[Extracted data entries]
**********

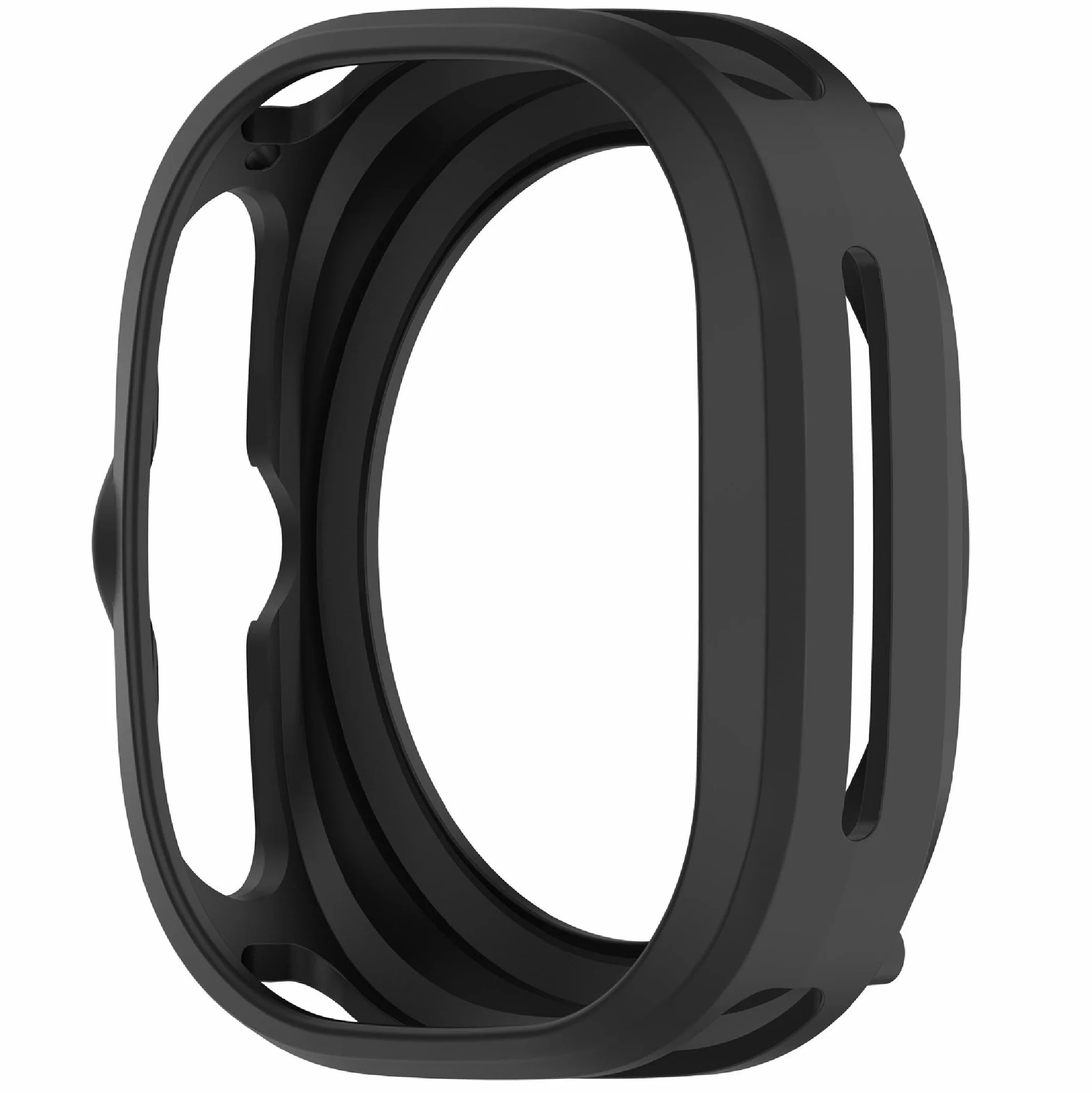 GIOPUEY Etui kompatybilne z Samsung Galaxy Watch Ultra 47 mm, miękkie i lekkie, wysokiej jakości silikon TPU, etui ochronne, czarne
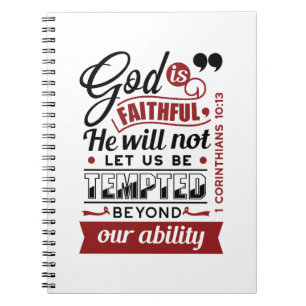 Cuaderno Dios es Fiel – 1 Corintios 10:13 Versículo Bíblico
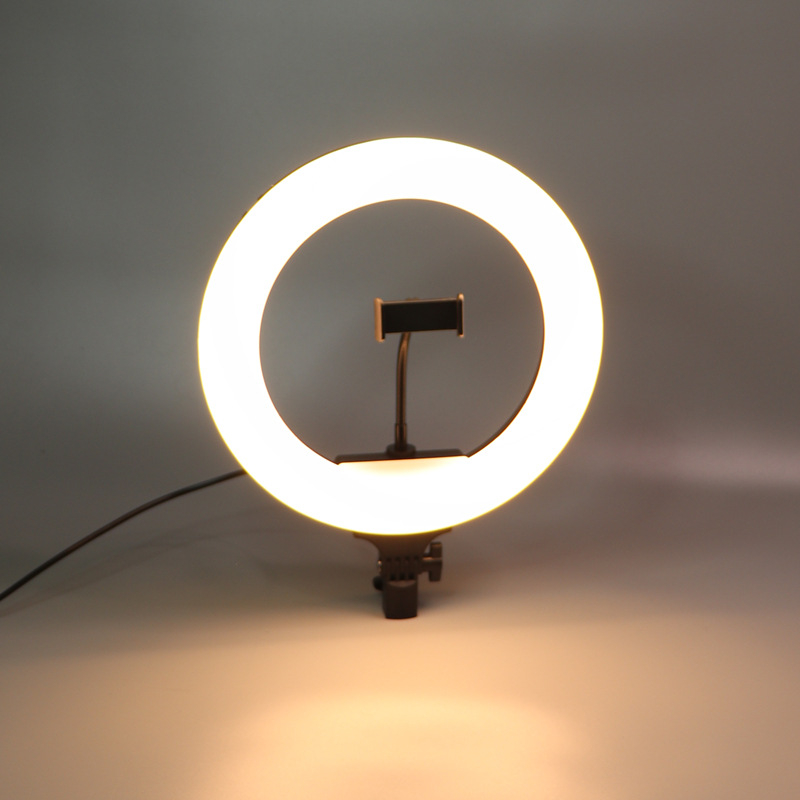 HY-D13 LED kružno svjetlo za prijenos uživo, 36W, AC100-240V, vertikalna montaža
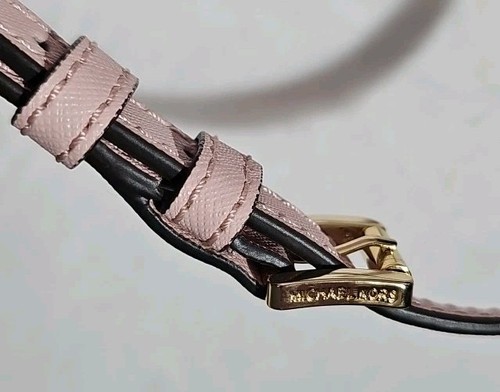 Michael Kors Selma Mini Crossbody Leder Satchel Clutch Tasche Soft Pink Saffiano - Bild 5 von 8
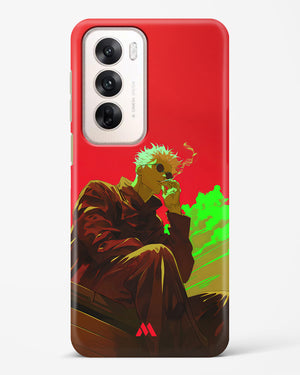 Scarlet Skies Serene Eyes Hard Case Phone Cover (Oppo)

**********

In the copy, include every record exactly and no pictures.

- **RESPONSE TO THE EXERCISE**
 GIOPUEY Etui kompatybilne z Samsung Galaxy Watch Ultra 47 mm, miękkie i lekkie, wysokiej jakości silikon TPU, etui ochronne, czarne
 Cuaderno Dios es Fiel – 1 Corintios 10:13 Versículo Bíblico
 HY-D13 LED kružno svjetlo za prijenos uživo, 36W, AC100-240V, vertikalna montaža
 Michael Kors Selma Mini Crossbody Leder Satchel Clutch Tasche Soft Pink Saffiano - Bild 5 von 8
 Scarlet Skies Serene Eyes Hard Case Phone Cover (Oppo)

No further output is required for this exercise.